Prove that the set of maps {f in Cs1(M,N)|f is a covering space} is open in the strong topology.

Homework Equations



The strong topology has as base neighborhoods sets of functions that are disjointly uniformly near f, along with their derivative, on compact subsets of a covering set of M


The Attempt at a Solution



So, I'm mostly having trouble with the covering space part. I understand how the strong topology works, and how proofs for things like the set of immersions, or the set of closed immersions, or the set of submersions is open work. But I understand those objects, and covering spaces are something I had to look up online.

From what I understand, around each point x in N I have an open subset of N, U, such that f-1(U) is a bunch of disjoint sets each homeomorphic to U. I tried taking all of those as my cover of N, but then neither my cover of N nor M is locally finite and I wasn't able to figure out how to actually deduce anything. Then I tried saying take a locally finite chart of N {Vi}, then pick a point x in N. Around that point there is a U as above, and f-1(U) is disjoint sets homeomorphic to U. Intersecting U with all the Vi's that x lie in give something homeomorphic to a subset of Rn for some n (by the definition of a chart), and looking at f-1(U intersect with those Vi) is disjoint subsets in M that must be homeomorphic to that same open subset.

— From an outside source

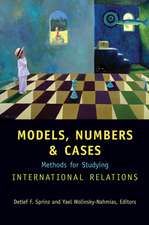 Models, Numbers, and Cases: Methods for Studying International Relations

Then if I pick a chart of M of {Ui such that f(Ui is a subset of Vi and Ki compact subsets that cover M, I can pick my ei small enough so that |f-g|<ei on Ki means that g(Ki) is a subset of Vi also. So my goal now is to find an open set around x that I can pull back to M via the inverse of g and get a bunch of homeomorphic copies of it. But I'm not really sure how to proceed at this point, since I don't know techniques to show that g is in fact a covering space, or what the criterion for it is besides the definition.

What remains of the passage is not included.